■ **Assignment**
Give back every line of the data exactly. Pictures are not part of the copy.

-- Opening Marker --

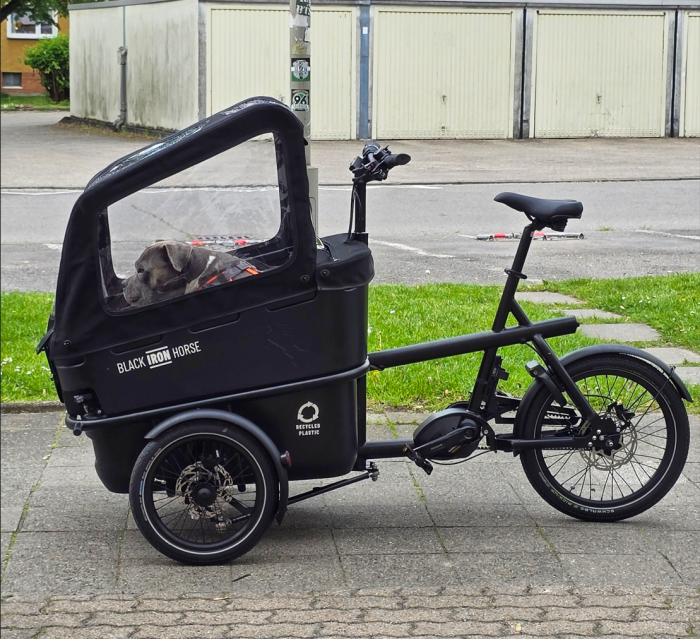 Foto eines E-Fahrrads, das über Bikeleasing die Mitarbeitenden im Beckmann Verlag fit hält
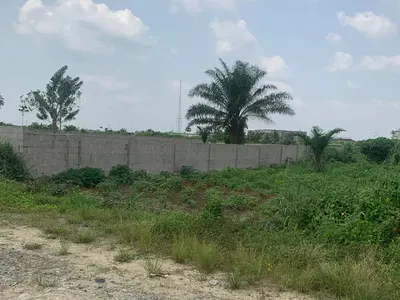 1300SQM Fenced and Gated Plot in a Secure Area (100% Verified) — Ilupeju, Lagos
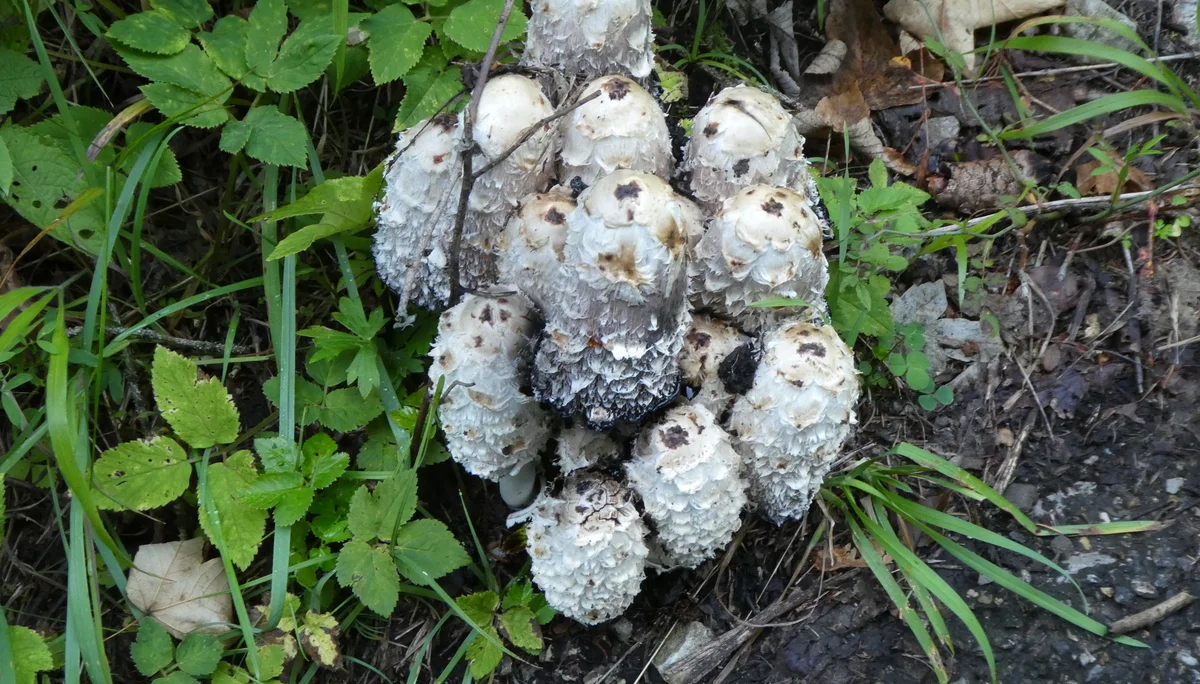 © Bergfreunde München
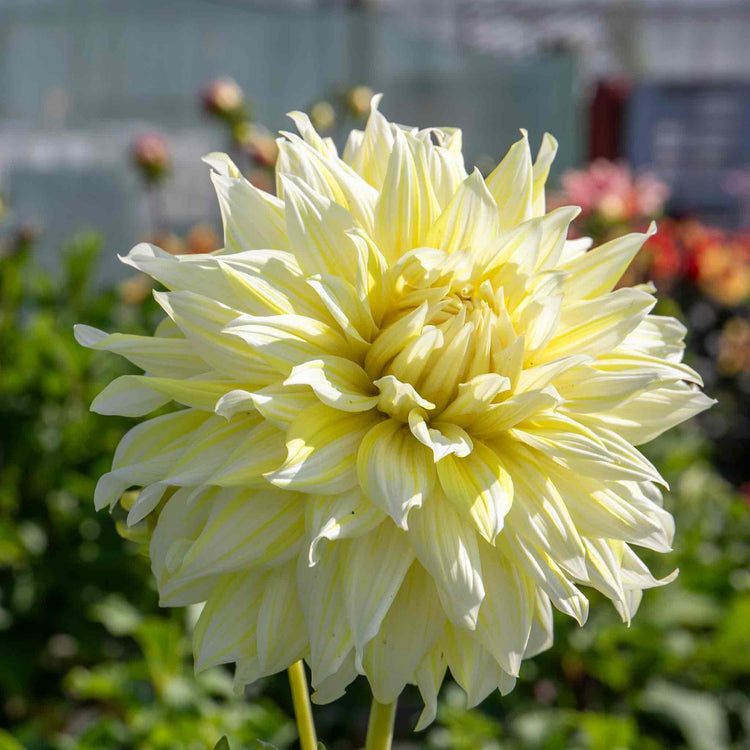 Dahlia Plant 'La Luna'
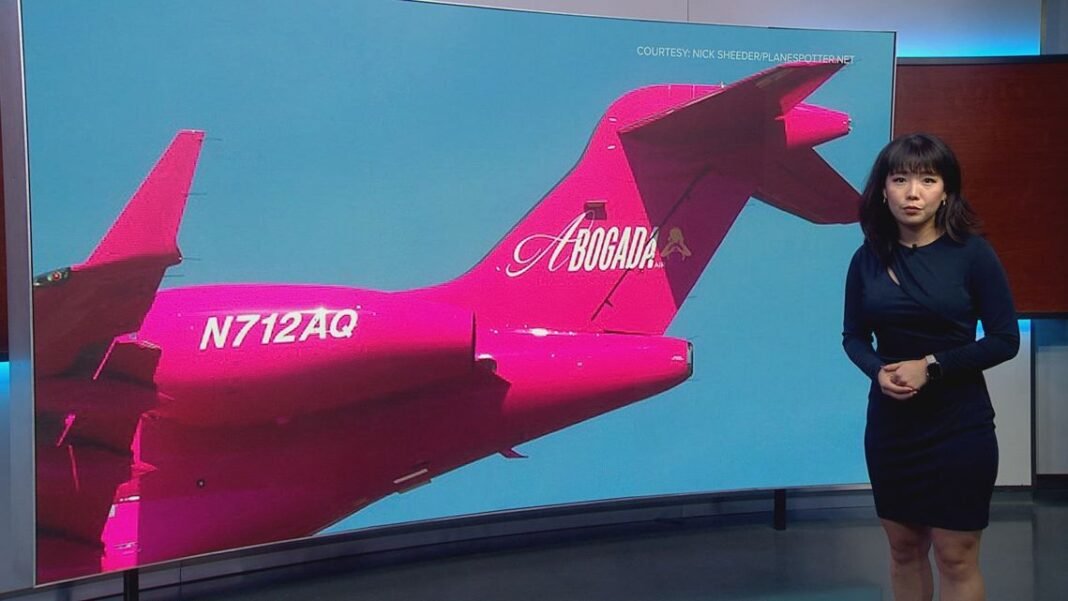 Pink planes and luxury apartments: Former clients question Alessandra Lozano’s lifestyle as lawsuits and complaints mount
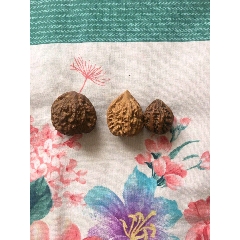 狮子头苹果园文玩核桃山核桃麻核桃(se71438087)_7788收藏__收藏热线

-- Closing Marker --

■ **Task output**
 Foto eines E-Fahrrads, das über Bikeleasing die Mitarbeitenden im Beckmann Verlag fit hält
 1300SQM Fenced and Gated Plot in a Secure Area (100% Verified) — Ilupeju, Lagos
 © Bergfreunde München
 Dahlia Plant 'La Luna'
 Pink planes and luxury apartments: Former clients question Alessandra Lozano’s lifestyle as lawsuits and complaints mount
 狮子头苹果园文玩核桃山核桃麻核桃(se71438087)_7788收藏__收藏热线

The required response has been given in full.